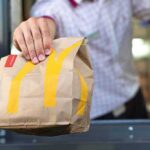 Did AI Quietly Sync McDonald’s Prices? Algorithmic Price Hike Panic Drive-thru worker handing a branded paper bag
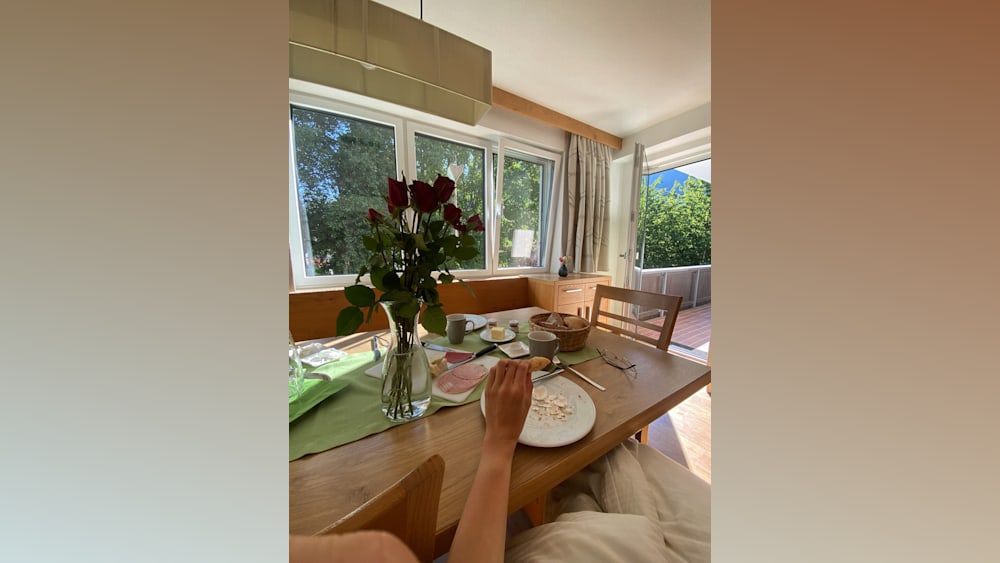 A person is sitting at a messy dining table with food and flowers.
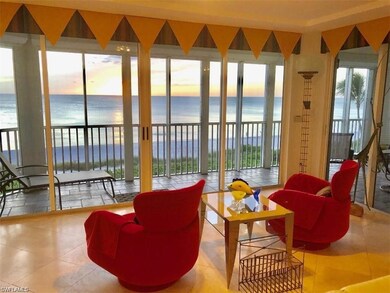 Sunroom / solarium featuring a view of the beach a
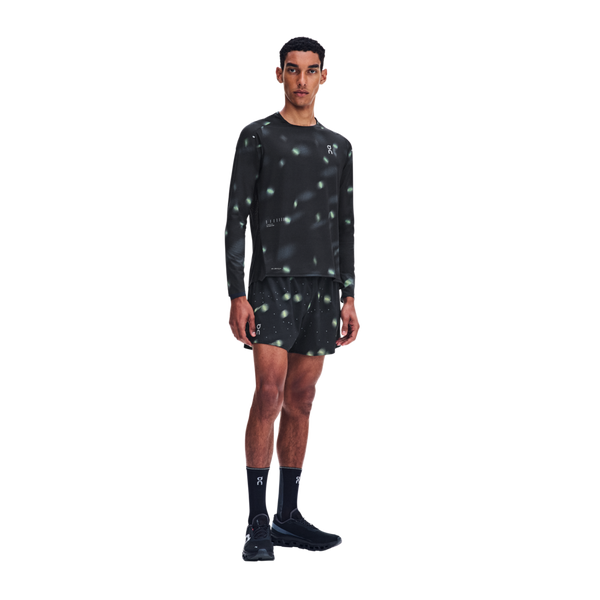 En mand viser de sorte Performance Shorts Lumos, Herre, med et reflekterende, plettet mønster.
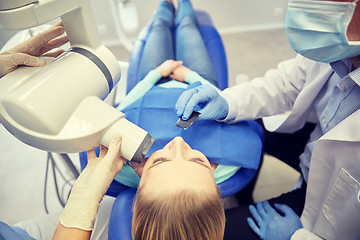 Image showing dentist and patient with dental x-ray machine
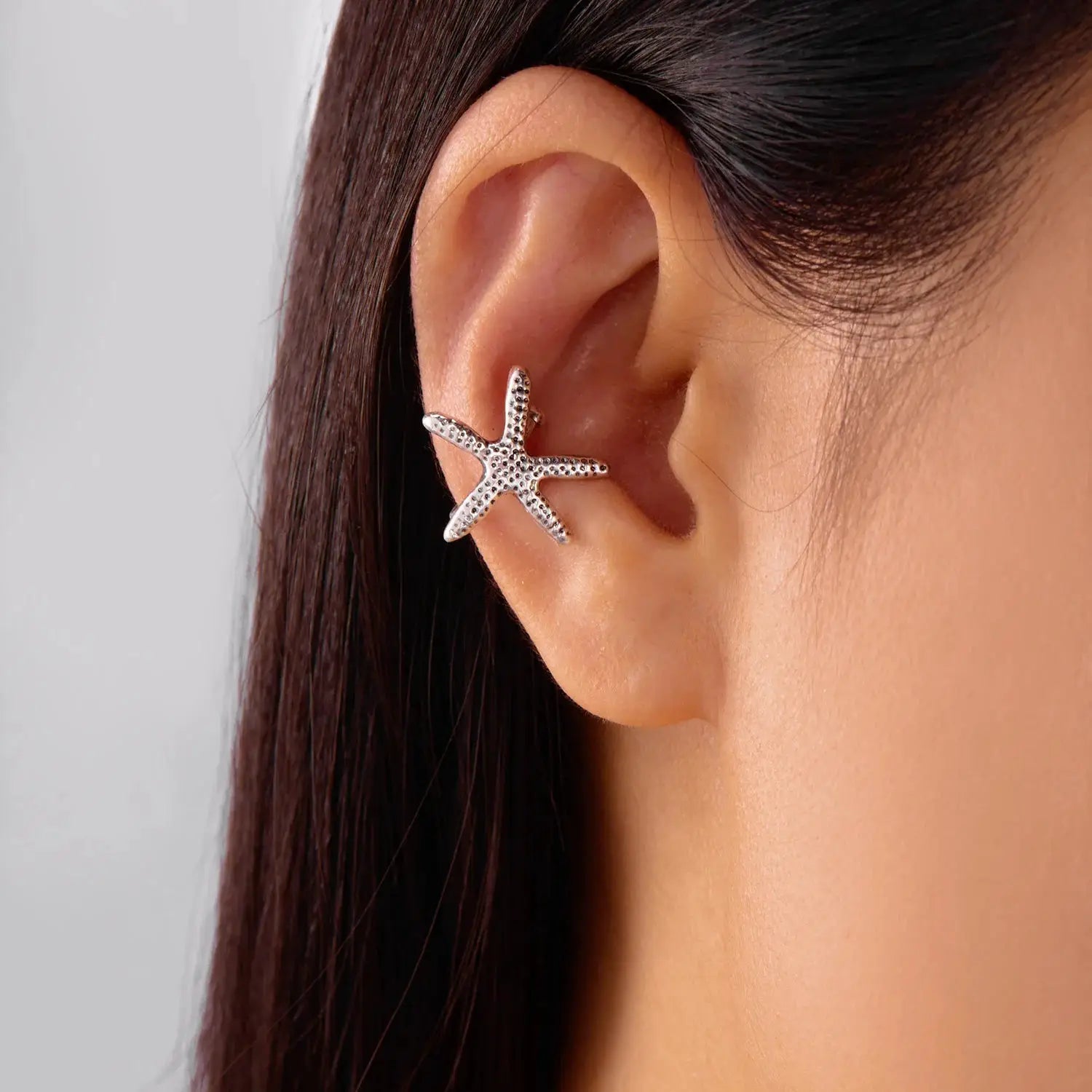 Starfish ear clip faux piercing earrings in silver-tone metal by Simples Market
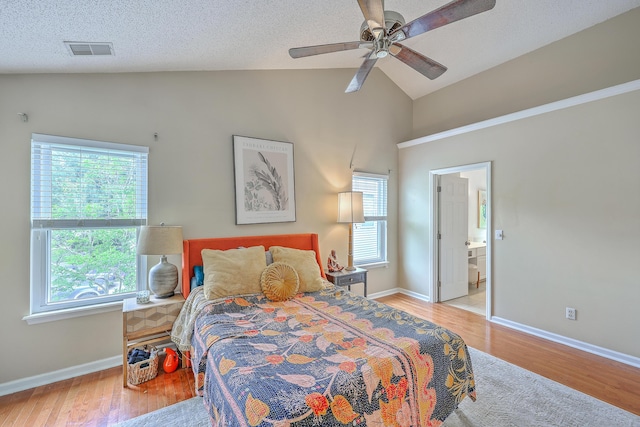 1972 Gray Battery Ct, Mount Pleasant, SC 29464 - bedroom featuring multiple windows, wood finished floors, connected bathroom, high vaulted ceiling, and a textured ceiling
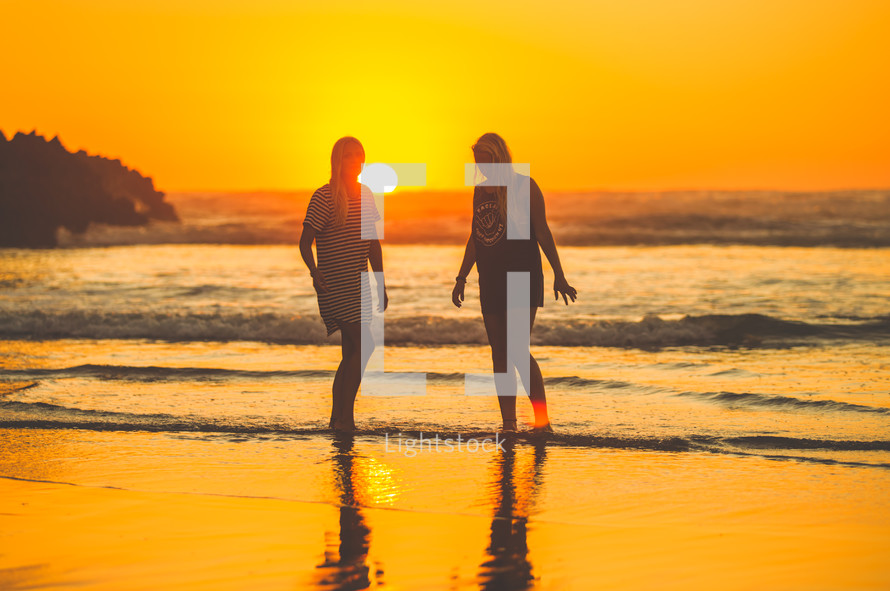 young women walking on a beach at sunset 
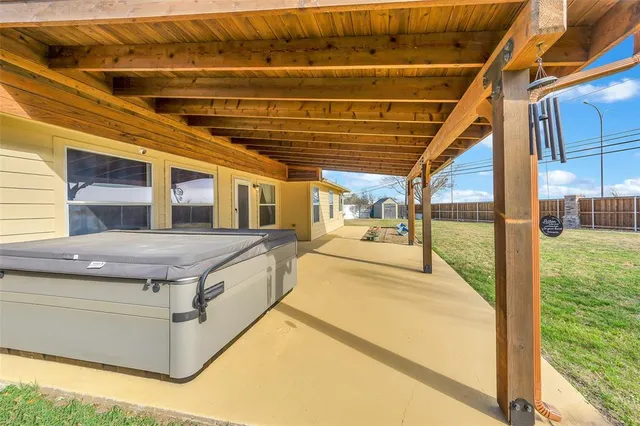 a swimming pool with large glass windows and painted walls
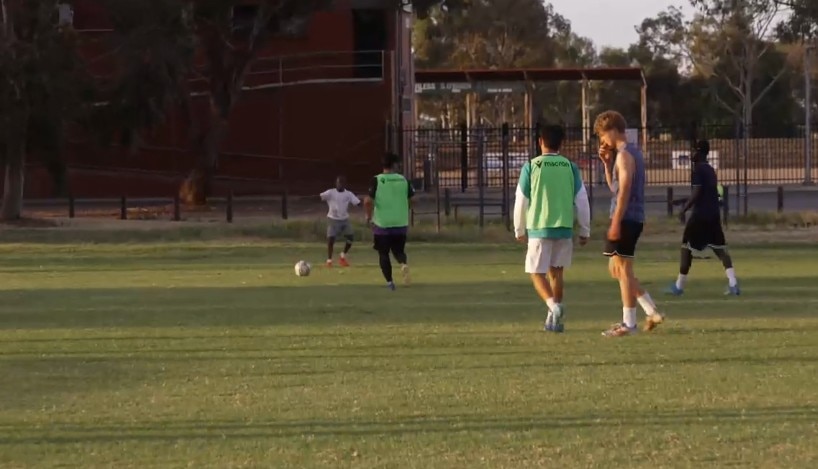 Teenage soccer players on a field at twilight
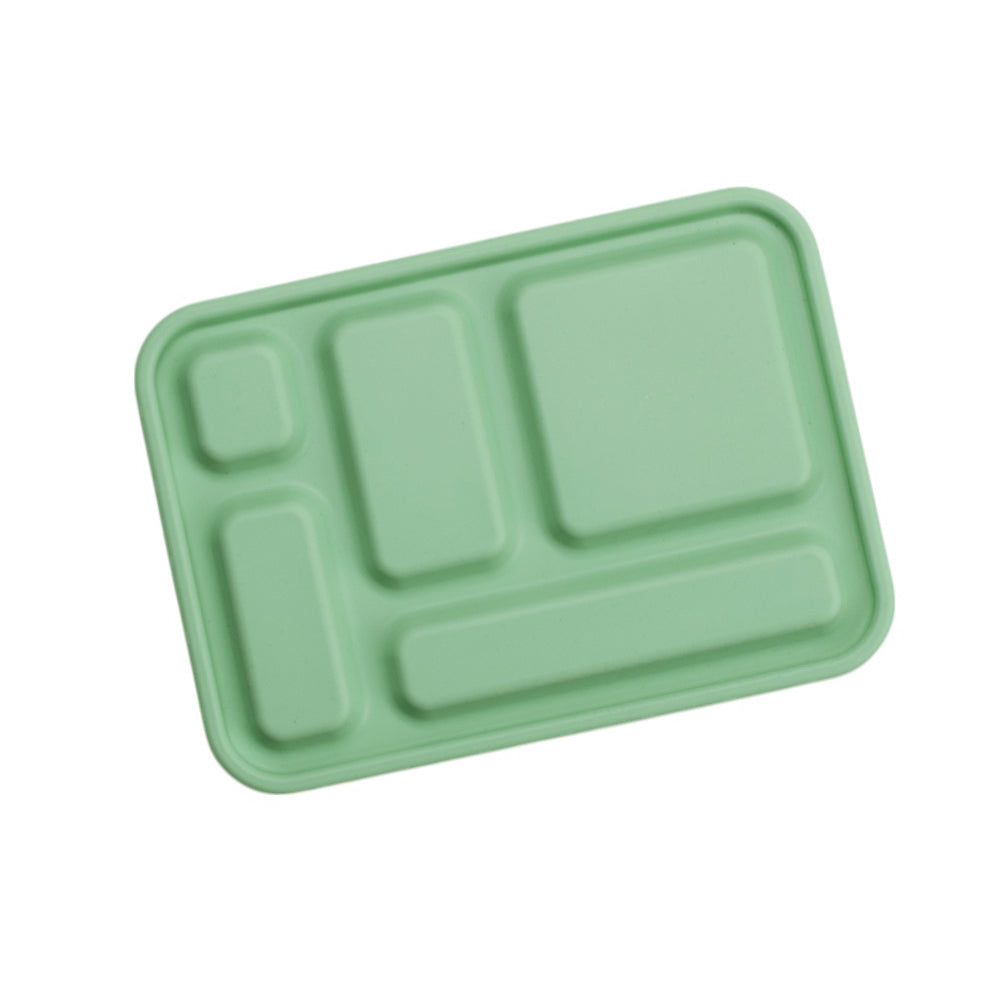Green plastic tray with compartments on a white background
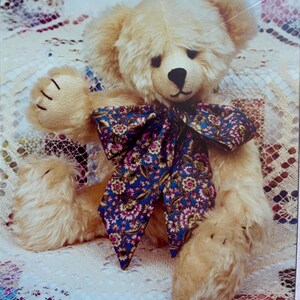 May include: A plush, light brown teddy bear with a dark blue bow featuring a floral pattern in pink and white. The bear has a black nose and stitched claws on its paws. The bear is lying on a patterned surface.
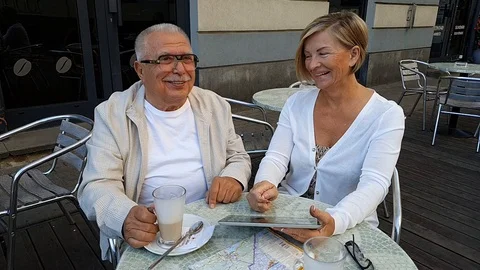 Smiling elderly tourists sit at summer restaurant terrace Stock Footage 127182150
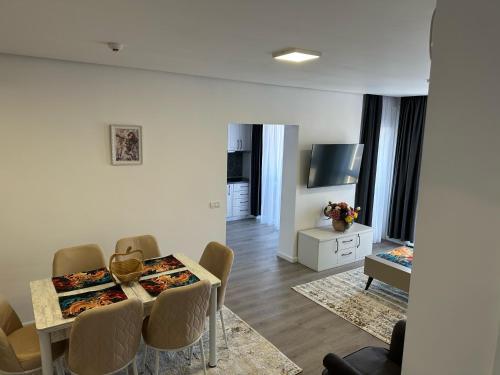 Una sala de estar con una mesa y sillas en una habitación. en Apartament Elizabeth De Luxe Apart Hotel, en Oradea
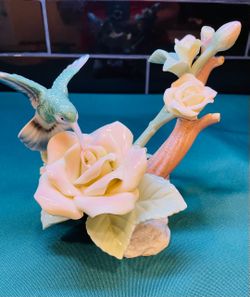 Beautiful vintage porcelain figurine of a hummingbird in flight over roses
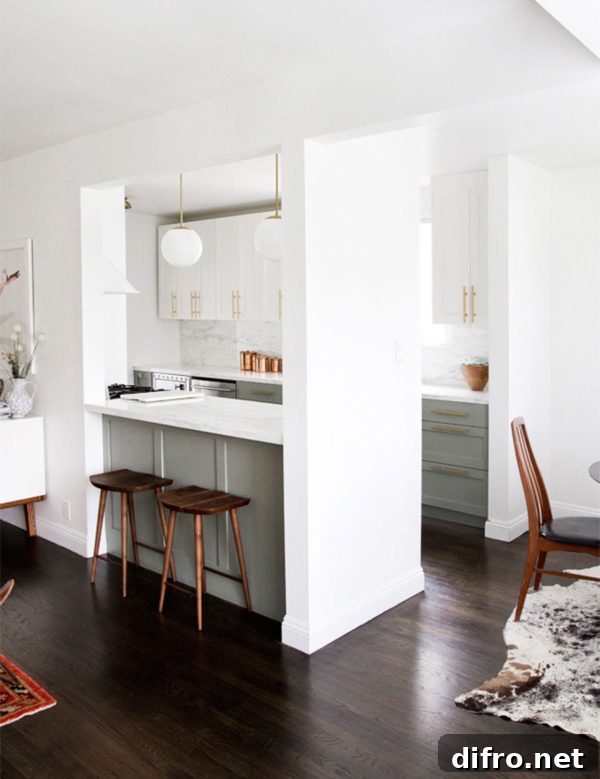 Light and bright contemporary galley kitchen with eating area and wood accents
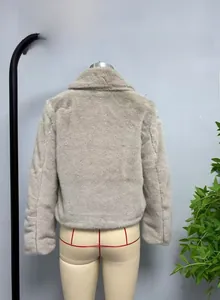 Detail view of the short faux fur jacket back on a mannequin in light grey color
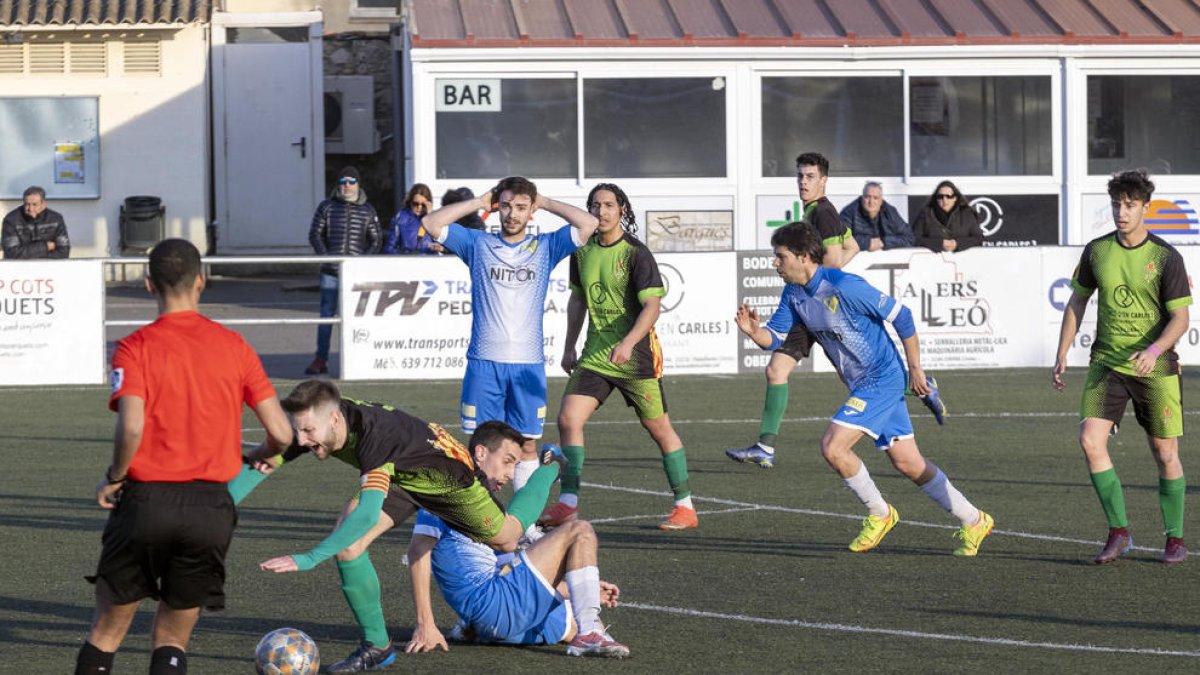 Un jugador de la Seu comet una falta sobre un del Cervera davant la mirada de l’àrbitre.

> _WORK TASK_
Would you repeat the material above exactly, line for line, from its first line to the line with "Green plastic tray", including both and skipping every picture?

> _RESPONSE AREA_
 Did AI Quietly Sync McDonald’s Prices? Algorithmic Price Hike Panic Drive-thru worker handing a branded paper bag
 A person is sitting at a messy dining table with food and flowers.
 Sunroom / solarium featuring a view of the beach a
 En mand viser de sorte Performance Shorts Lumos, Herre, med et reflekterende, plettet mønster.
 Image showing dentist and patient with dental x-ray machine
 Starfish ear clip faux piercing earrings in silver-tone metal by Simples Market
 1972 Gray Battery Ct, Mount Pleasant, SC 29464 - bedroom featuring multiple windows, wood finished floors, connected bathroom, high vaulted ceiling, and a textured ceiling
 young women walking on a beach at sunset 
 a swimming pool with large glass windows and painted walls
 Teenage soccer players on a field at twilight
Green plastic tray with compartments on a white background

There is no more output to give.